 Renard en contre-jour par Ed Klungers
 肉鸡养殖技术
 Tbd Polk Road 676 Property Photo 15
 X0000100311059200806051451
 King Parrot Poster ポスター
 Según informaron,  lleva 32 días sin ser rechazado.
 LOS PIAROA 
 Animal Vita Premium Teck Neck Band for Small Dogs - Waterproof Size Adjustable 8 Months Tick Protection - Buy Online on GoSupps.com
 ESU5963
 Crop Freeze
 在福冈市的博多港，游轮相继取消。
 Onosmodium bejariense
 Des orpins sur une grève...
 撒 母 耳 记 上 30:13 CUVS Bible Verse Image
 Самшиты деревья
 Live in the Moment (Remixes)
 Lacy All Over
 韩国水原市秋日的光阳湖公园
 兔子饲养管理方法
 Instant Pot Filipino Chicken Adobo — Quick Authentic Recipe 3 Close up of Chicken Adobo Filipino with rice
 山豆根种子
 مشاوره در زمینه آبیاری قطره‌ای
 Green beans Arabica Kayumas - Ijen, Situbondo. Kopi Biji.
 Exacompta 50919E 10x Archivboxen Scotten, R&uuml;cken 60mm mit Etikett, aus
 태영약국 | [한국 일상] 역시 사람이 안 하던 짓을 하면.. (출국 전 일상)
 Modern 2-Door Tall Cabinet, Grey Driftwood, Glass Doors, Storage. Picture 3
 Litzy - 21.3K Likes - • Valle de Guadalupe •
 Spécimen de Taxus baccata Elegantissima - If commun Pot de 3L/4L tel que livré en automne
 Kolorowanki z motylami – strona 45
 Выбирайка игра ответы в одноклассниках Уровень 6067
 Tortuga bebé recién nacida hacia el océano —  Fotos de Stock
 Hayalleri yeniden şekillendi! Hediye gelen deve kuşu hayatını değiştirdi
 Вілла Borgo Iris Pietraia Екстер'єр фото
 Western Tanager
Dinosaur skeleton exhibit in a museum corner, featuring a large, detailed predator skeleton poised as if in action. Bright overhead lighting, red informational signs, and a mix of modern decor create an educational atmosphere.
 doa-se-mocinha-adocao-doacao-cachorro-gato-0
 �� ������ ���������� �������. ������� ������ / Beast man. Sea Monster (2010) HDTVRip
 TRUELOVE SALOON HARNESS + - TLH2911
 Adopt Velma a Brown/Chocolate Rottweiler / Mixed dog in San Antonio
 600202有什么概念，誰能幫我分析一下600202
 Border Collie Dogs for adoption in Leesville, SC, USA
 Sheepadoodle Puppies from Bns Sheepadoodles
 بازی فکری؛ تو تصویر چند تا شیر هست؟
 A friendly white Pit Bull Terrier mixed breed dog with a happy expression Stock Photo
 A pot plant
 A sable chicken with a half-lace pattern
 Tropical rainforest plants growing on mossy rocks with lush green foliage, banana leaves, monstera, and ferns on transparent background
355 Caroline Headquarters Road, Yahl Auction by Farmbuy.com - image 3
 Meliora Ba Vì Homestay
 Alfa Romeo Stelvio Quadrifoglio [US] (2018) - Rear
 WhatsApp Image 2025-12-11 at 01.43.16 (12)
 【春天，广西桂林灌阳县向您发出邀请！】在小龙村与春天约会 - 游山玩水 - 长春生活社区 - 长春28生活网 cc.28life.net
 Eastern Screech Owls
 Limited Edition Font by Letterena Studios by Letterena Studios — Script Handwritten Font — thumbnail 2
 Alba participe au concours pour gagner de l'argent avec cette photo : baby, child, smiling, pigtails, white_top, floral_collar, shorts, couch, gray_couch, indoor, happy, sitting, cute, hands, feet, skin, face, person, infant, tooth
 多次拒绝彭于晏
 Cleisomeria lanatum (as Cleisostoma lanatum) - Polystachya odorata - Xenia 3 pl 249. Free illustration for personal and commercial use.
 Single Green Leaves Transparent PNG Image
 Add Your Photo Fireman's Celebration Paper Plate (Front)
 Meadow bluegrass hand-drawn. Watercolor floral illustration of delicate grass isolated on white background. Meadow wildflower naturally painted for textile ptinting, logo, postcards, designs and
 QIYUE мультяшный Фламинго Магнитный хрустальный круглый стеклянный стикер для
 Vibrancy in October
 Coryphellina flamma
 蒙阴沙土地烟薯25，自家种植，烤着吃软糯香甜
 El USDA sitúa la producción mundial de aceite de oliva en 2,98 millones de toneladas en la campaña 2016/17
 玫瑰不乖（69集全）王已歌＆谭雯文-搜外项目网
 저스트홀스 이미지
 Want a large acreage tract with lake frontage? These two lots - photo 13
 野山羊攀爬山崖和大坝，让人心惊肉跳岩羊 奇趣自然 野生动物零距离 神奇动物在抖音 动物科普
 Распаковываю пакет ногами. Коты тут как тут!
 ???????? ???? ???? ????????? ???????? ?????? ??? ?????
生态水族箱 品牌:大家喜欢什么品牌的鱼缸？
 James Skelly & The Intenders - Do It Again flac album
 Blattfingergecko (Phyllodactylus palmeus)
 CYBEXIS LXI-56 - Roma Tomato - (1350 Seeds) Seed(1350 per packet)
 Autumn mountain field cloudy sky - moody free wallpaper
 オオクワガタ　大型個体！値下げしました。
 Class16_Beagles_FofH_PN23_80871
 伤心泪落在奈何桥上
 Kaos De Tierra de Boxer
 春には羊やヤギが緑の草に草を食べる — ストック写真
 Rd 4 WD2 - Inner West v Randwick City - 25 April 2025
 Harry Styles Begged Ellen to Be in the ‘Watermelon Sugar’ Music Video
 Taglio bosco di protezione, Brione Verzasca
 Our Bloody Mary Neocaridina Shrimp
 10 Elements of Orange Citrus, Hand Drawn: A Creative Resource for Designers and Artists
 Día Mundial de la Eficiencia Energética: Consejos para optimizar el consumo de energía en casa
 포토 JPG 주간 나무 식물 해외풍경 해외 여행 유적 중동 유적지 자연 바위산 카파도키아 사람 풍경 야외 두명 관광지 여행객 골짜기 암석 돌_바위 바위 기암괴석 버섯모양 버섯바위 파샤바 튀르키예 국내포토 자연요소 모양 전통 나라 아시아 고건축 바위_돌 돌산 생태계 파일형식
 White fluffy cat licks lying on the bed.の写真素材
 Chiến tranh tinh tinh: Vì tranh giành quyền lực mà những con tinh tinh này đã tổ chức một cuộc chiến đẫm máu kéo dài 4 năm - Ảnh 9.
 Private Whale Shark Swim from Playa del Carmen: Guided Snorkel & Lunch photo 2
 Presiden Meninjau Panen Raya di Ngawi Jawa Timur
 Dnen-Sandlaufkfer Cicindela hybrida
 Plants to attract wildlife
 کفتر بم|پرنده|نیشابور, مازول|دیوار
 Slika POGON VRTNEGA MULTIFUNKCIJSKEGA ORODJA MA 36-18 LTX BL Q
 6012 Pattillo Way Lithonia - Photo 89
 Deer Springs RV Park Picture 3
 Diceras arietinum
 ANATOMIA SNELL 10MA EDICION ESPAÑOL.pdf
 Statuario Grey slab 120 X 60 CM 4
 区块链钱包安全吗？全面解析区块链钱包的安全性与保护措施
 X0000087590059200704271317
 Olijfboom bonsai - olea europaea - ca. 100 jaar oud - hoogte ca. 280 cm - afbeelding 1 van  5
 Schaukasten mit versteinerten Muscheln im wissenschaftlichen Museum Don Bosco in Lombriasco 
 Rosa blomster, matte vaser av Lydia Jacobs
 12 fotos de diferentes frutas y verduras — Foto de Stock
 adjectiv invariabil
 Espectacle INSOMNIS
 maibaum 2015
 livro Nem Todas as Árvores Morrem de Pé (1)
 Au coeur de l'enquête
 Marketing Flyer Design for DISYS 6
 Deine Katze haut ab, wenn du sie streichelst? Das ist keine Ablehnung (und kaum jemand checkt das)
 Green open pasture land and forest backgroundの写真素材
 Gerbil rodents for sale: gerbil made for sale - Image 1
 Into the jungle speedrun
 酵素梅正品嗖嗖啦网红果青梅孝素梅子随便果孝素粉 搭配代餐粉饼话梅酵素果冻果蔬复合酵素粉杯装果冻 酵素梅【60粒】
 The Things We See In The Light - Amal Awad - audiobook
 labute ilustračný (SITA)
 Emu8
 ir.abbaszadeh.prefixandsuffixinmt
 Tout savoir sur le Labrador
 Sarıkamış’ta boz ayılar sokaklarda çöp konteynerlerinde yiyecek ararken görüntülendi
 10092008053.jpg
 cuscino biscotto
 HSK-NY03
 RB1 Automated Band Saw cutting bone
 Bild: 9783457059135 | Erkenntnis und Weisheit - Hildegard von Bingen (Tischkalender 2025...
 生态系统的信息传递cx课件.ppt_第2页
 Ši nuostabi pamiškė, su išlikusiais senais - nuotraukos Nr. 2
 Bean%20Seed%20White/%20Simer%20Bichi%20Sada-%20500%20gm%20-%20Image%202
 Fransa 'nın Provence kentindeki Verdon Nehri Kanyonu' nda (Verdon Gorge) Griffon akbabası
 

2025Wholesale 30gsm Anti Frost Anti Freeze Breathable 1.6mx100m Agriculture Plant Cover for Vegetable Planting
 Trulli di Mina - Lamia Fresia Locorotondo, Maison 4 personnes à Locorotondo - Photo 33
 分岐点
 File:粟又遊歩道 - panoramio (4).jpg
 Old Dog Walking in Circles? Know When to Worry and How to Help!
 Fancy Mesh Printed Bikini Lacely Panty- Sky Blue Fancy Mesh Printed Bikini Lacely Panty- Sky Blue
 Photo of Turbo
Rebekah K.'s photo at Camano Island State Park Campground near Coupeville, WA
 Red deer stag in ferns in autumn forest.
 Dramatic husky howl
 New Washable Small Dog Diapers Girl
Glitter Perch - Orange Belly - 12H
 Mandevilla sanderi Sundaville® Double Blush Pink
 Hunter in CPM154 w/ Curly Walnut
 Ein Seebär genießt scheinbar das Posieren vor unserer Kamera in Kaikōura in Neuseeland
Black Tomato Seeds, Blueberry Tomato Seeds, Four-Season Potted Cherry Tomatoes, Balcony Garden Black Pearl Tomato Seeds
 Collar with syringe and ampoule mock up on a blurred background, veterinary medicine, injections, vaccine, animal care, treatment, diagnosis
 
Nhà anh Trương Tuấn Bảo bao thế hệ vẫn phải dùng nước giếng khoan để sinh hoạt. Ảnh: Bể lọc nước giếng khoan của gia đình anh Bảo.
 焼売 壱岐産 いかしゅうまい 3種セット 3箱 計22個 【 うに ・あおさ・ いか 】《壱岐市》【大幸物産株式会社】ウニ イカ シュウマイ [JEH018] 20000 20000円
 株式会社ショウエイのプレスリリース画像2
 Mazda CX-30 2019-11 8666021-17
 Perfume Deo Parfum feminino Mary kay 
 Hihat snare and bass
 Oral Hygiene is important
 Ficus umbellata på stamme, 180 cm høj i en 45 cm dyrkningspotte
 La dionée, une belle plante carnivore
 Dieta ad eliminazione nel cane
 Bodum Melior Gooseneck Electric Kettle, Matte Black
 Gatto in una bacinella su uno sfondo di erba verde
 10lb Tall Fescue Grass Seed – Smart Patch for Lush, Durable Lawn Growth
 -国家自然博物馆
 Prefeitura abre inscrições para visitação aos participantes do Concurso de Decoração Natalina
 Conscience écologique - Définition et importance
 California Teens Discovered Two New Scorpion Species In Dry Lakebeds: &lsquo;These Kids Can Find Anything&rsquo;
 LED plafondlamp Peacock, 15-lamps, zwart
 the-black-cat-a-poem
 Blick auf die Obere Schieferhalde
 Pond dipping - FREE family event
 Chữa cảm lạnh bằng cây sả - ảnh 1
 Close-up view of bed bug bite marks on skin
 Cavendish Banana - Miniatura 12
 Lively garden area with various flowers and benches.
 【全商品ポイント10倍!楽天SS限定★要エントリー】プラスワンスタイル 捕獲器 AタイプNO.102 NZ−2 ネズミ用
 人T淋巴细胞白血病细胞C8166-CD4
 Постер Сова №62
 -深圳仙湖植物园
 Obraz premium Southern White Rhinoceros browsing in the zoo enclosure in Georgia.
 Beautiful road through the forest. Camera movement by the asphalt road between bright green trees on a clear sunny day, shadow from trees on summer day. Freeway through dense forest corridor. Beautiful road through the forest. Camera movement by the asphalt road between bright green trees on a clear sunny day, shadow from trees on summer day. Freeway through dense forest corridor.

→ **Exercise instructions**
Among the entries above, locate the lines containing "生态水族箱 品牌:大家喜欢什么品牌的鱼缸？" and "Olijfboom bonsai - olea", and transcribe exactly those two lines and all lines between.

→ **Response**
生态水族箱 品牌:大家喜欢什么品牌的鱼缸？
 James Skelly & The Intenders - Do It Again flac album
 Blattfingergecko (Phyllodactylus palmeus)
 CYBEXIS LXI-56 - Roma Tomato - (1350 Seeds) Seed(1350 per packet)
 Autumn mountain field cloudy sky - moody free wallpaper
 オオクワガタ　大型個体！値下げしました。
 Class16_Beagles_FofH_PN23_80871
 伤心泪落在奈何桥上
 Kaos De Tierra de Boxer
 春には羊やヤギが緑の草に草を食べる — ストック写真
 Rd 4 WD2 - Inner West v Randwick City - 25 April 2025
 Harry Styles Begged Ellen to Be in the ‘Watermelon Sugar’ Music Video
 Taglio bosco di protezione, Brione Verzasca
 Our Bloody Mary Neocaridina Shrimp
 10 Elements of Orange Citrus, Hand Drawn: A Creative Resource for Designers and Artists
 Día Mundial de la Eficiencia Energética: Consejos para optimizar el consumo de energía en casa
 포토 JPG 주간 나무 식물 해외풍경 해외 여행 유적 중동 유적지 자연 바위산 카파도키아 사람 풍경 야외 두명 관광지 여행객 골짜기 암석 돌_바위 바위 기암괴석 버섯모양 버섯바위 파샤바 튀르키예 국내포토 자연요소 모양 전통 나라 아시아 고건축 바위_돌 돌산 생태계 파일형식
 White fluffy cat licks lying on the bed.の写真素材
 Chiến tranh tinh tinh: Vì tranh giành quyền lực mà những con tinh tinh này đã tổ chức một cuộc chiến đẫm máu kéo dài 4 năm - Ảnh 9.
 Private Whale Shark Swim from Playa del Carmen: Guided Snorkel & Lunch photo 2
 Presiden Meninjau Panen Raya di Ngawi Jawa Timur
 Dnen-Sandlaufkfer Cicindela hybrida
 Plants to attract wildlife
 کفتر بم|پرنده|نیشابور, مازول|دیوار
 Slika POGON VRTNEGA MULTIFUNKCIJSKEGA ORODJA MA 36-18 LTX BL Q
 6012 Pattillo Way Lithonia - Photo 89
 Deer Springs RV Park Picture 3
 Diceras arietinum
 ANATOMIA SNELL 10MA EDICION ESPAÑOL.pdf
 Statuario Grey slab 120 X 60 CM 4
 区块链钱包安全吗？全面解析区块链钱包的安全性与保护措施
 X0000087590059200704271317
 Olijfboom bonsai - olea europaea - ca. 100 jaar oud - hoogte ca. 280 cm - afbeelding 1 van  5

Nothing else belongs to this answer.